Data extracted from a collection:
......

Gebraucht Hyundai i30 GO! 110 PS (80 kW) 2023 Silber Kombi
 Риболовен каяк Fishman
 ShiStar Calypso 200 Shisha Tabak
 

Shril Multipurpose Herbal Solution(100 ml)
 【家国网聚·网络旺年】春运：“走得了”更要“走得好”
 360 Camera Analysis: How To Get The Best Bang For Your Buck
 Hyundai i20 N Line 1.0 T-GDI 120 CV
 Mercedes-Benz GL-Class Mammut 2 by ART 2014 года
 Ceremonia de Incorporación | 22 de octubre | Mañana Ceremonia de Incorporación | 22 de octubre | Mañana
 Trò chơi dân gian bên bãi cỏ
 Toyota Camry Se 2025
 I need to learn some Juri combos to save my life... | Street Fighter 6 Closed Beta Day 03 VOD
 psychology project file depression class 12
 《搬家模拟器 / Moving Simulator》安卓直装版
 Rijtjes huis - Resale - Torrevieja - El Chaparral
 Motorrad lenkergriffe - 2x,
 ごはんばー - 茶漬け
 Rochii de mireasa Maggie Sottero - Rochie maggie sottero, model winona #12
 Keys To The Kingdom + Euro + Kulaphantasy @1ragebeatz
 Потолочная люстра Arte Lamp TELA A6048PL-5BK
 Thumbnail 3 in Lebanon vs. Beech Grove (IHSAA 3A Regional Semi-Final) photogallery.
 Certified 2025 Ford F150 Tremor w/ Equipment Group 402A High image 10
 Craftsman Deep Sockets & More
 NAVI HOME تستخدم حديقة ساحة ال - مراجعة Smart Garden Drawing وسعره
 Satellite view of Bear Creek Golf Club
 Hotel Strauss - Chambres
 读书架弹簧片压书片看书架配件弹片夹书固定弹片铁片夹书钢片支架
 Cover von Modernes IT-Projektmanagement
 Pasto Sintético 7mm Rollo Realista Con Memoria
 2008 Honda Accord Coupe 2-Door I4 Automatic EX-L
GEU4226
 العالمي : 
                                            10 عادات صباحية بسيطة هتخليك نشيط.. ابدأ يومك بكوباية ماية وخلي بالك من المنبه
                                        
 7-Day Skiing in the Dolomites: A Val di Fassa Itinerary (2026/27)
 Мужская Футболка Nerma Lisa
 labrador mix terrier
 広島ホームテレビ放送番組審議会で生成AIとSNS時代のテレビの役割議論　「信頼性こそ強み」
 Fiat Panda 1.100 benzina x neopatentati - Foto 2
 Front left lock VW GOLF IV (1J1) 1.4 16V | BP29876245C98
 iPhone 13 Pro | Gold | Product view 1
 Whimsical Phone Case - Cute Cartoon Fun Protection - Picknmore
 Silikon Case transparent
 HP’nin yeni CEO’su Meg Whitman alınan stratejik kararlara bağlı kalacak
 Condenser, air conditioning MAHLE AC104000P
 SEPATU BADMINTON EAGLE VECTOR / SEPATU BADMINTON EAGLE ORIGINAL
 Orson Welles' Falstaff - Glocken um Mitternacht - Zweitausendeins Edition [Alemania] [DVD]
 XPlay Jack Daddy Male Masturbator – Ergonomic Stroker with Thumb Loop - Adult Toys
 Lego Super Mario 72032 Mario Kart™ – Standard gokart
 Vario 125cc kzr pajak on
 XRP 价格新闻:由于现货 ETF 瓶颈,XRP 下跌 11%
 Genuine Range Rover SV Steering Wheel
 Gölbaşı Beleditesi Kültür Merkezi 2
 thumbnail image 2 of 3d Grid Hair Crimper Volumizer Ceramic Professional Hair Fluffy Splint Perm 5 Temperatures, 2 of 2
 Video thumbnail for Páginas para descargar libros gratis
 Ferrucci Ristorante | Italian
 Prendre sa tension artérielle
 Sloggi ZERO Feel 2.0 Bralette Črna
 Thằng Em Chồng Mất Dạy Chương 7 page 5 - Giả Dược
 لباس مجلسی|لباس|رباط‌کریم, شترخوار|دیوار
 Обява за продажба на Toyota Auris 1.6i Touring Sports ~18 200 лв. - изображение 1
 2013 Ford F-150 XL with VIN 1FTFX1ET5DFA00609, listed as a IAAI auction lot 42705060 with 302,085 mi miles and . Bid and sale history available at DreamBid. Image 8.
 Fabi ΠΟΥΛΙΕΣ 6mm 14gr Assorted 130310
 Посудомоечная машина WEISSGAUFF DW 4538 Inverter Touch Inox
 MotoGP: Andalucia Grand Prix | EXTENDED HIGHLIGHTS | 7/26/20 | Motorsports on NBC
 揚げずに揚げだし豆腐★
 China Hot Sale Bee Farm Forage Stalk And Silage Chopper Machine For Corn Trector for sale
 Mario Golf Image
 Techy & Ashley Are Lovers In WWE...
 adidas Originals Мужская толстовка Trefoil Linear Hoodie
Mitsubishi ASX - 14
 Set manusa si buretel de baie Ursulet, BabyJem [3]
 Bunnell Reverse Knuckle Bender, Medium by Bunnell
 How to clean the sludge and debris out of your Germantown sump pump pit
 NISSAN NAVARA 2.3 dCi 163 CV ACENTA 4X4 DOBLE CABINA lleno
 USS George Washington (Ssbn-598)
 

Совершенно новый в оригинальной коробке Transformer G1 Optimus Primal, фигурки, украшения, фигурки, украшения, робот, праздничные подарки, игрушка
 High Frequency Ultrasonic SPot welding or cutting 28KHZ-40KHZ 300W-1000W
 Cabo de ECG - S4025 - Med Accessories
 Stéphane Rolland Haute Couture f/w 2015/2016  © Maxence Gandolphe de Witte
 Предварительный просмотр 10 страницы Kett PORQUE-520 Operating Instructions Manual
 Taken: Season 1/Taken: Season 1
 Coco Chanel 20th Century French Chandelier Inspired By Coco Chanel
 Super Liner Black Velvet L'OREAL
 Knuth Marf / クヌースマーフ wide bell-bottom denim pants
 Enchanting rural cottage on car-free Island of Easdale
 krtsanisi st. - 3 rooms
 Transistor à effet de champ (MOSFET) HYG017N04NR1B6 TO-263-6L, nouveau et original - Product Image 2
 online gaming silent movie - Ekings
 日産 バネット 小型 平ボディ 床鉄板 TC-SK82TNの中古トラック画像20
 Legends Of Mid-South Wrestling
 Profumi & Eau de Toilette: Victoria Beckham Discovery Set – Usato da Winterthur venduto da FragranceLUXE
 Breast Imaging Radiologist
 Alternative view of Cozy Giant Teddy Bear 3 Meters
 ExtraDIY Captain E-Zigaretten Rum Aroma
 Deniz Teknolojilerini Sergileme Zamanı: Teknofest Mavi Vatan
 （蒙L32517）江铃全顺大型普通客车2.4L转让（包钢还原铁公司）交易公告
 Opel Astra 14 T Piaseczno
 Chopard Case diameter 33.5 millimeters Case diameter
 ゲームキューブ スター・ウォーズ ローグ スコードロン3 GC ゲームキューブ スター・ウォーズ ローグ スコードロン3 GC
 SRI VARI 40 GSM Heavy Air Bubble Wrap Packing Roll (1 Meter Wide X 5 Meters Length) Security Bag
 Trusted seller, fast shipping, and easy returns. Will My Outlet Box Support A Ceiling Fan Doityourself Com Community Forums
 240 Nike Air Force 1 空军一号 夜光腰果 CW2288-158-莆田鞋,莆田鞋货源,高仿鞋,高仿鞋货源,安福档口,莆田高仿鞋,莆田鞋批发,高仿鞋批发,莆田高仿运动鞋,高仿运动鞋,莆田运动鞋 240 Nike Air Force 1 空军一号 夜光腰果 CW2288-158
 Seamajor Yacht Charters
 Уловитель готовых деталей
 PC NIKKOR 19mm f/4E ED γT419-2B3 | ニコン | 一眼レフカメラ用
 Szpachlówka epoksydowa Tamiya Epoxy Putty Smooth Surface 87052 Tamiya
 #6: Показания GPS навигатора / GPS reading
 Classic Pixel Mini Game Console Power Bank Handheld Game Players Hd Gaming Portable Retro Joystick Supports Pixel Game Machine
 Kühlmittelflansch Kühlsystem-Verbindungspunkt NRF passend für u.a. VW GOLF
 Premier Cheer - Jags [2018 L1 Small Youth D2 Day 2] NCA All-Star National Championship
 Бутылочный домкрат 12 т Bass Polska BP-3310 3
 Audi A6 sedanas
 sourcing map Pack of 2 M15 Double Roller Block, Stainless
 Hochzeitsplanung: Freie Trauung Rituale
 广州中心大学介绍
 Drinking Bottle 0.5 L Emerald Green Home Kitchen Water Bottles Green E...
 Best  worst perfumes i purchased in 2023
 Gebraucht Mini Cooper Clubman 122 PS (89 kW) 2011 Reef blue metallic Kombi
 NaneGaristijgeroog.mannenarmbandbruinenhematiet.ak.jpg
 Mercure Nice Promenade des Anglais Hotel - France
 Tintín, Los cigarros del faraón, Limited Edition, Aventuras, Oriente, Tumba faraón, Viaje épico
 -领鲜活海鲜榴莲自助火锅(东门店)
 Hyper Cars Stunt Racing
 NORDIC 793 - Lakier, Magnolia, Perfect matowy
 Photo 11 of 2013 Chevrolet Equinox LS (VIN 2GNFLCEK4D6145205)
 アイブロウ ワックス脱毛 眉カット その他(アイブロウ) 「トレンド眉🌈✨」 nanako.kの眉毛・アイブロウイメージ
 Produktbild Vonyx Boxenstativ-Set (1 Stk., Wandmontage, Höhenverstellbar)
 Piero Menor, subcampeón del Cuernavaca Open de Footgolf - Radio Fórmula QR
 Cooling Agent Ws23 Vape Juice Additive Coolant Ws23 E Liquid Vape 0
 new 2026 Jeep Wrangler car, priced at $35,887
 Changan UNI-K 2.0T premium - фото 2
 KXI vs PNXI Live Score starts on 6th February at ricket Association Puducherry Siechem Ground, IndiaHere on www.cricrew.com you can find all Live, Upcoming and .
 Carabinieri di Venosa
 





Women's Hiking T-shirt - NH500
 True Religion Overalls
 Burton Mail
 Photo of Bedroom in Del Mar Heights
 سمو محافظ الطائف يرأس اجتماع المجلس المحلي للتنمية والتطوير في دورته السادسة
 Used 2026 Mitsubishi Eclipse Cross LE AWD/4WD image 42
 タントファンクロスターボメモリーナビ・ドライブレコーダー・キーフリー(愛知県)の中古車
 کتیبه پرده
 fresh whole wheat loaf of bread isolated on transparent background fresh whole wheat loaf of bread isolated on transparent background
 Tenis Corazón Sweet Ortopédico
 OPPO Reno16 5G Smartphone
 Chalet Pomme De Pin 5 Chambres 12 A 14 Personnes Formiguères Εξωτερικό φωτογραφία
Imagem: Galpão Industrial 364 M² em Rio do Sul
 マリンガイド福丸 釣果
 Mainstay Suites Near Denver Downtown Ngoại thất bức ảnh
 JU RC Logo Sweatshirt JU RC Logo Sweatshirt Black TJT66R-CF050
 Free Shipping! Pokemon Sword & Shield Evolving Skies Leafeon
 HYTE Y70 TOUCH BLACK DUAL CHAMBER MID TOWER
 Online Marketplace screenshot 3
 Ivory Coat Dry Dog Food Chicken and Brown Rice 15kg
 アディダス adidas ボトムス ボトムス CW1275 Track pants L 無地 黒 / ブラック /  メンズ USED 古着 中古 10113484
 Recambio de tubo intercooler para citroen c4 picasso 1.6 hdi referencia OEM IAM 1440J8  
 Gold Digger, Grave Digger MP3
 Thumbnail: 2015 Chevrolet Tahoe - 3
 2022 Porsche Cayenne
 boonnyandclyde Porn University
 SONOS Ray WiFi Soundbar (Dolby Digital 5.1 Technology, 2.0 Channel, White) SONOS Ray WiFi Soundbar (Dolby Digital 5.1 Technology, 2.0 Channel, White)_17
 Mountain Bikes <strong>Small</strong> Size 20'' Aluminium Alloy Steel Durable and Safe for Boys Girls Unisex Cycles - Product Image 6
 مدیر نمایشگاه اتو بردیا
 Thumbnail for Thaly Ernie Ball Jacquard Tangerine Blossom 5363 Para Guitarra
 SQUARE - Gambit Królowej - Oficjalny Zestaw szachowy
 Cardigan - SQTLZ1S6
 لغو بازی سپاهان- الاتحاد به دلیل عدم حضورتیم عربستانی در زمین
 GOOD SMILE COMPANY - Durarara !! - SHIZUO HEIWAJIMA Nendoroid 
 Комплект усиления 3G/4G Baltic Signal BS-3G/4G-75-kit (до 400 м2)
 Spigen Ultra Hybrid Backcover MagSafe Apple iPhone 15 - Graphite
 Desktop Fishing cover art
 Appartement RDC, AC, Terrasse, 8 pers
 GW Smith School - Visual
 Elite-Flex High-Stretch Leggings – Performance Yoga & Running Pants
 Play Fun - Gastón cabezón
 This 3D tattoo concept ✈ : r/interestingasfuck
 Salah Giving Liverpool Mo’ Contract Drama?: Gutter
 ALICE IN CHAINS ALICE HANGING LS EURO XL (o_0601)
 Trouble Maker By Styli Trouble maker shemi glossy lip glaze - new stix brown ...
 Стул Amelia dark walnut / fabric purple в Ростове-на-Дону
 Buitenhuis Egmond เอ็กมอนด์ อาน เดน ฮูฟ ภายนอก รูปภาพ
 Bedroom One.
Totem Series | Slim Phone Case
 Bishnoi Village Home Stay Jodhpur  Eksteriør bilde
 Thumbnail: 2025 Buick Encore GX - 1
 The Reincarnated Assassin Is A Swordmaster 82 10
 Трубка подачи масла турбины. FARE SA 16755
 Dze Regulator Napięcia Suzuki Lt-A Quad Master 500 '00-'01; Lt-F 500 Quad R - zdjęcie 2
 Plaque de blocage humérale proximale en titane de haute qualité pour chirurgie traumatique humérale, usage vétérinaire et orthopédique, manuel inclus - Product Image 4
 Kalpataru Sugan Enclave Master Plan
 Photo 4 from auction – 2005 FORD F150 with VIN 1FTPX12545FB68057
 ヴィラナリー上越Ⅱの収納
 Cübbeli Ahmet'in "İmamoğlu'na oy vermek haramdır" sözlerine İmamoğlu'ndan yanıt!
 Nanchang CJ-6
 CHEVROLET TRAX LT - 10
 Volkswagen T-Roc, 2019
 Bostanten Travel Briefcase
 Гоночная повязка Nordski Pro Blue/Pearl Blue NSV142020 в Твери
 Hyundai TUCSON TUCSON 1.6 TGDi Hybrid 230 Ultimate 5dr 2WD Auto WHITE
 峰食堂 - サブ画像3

......

▸ **Task brief**: A word-for-word copy of the lines above from the one with "PC NIKKOR 19mm" through the one with "OPPO Reno16 5G Smartphone", inclusive, is the only output wanted.

▸ **Answer below**:
 PC NIKKOR 19mm f/4E ED γT419-2B3 | ニコン | 一眼レフカメラ用
 Szpachlówka epoksydowa Tamiya Epoxy Putty Smooth Surface 87052 Tamiya
 #6: Показания GPS навигатора / GPS reading
 Classic Pixel Mini Game Console Power Bank Handheld Game Players Hd Gaming Portable Retro Joystick Supports Pixel Game Machine
 Kühlmittelflansch Kühlsystem-Verbindungspunkt NRF passend für u.a. VW GOLF
 Premier Cheer - Jags [2018 L1 Small Youth D2 Day 2] NCA All-Star National Championship
 Бутылочный домкрат 12 т Bass Polska BP-3310 3
 Audi A6 sedanas
 sourcing map Pack of 2 M15 Double Roller Block, Stainless
 Hochzeitsplanung: Freie Trauung Rituale
 广州中心大学介绍
 Drinking Bottle 0.5 L Emerald Green Home Kitchen Water Bottles Green E...
 Best  worst perfumes i purchased in 2023
 Gebraucht Mini Cooper Clubman 122 PS (89 kW) 2011 Reef blue metallic Kombi
 NaneGaristijgeroog.mannenarmbandbruinenhematiet.ak.jpg
 Mercure Nice Promenade des Anglais Hotel - France
 Tintín, Los cigarros del faraón, Limited Edition, Aventuras, Oriente, Tumba faraón, Viaje épico
 -领鲜活海鲜榴莲自助火锅(东门店)
 Hyper Cars Stunt Racing
 NORDIC 793 - Lakier, Magnolia, Perfect matowy
 Photo 11 of 2013 Chevrolet Equinox LS (VIN 2GNFLCEK4D6145205)
 アイブロウ ワックス脱毛 眉カット その他(アイブロウ) 「トレンド眉🌈✨」 nanako.kの眉毛・アイブロウイメージ
 Produktbild Vonyx Boxenstativ-Set (1 Stk., Wandmontage, Höhenverstellbar)
 Piero Menor, subcampeón del Cuernavaca Open de Footgolf - Radio Fórmula QR
 Cooling Agent Ws23 Vape Juice Additive Coolant Ws23 E Liquid Vape 0
 new 2026 Jeep Wrangler car, priced at $35,887
 Changan UNI-K 2.0T premium - фото 2
 KXI vs PNXI Live Score starts on 6th February at ricket Association Puducherry Siechem Ground, IndiaHere on www.cricrew.com you can find all Live, Upcoming and .
 Carabinieri di Venosa
 





Women's Hiking T-shirt - NH500
 True Religion Overalls
 Burton Mail
 Photo of Bedroom in Del Mar Heights
 سمو محافظ الطائف يرأس اجتماع المجلس المحلي للتنمية والتطوير في دورته السادسة
 Used 2026 Mitsubishi Eclipse Cross LE AWD/4WD image 42
 タントファンクロスターボメモリーナビ・ドライブレコーダー・キーフリー(愛知県)の中古車
 کتیبه پرده
 fresh whole wheat loaf of bread isolated on transparent background fresh whole wheat loaf of bread isolated on transparent background
 Tenis Corazón Sweet Ortopédico
 OPPO Reno16 5G Smartphone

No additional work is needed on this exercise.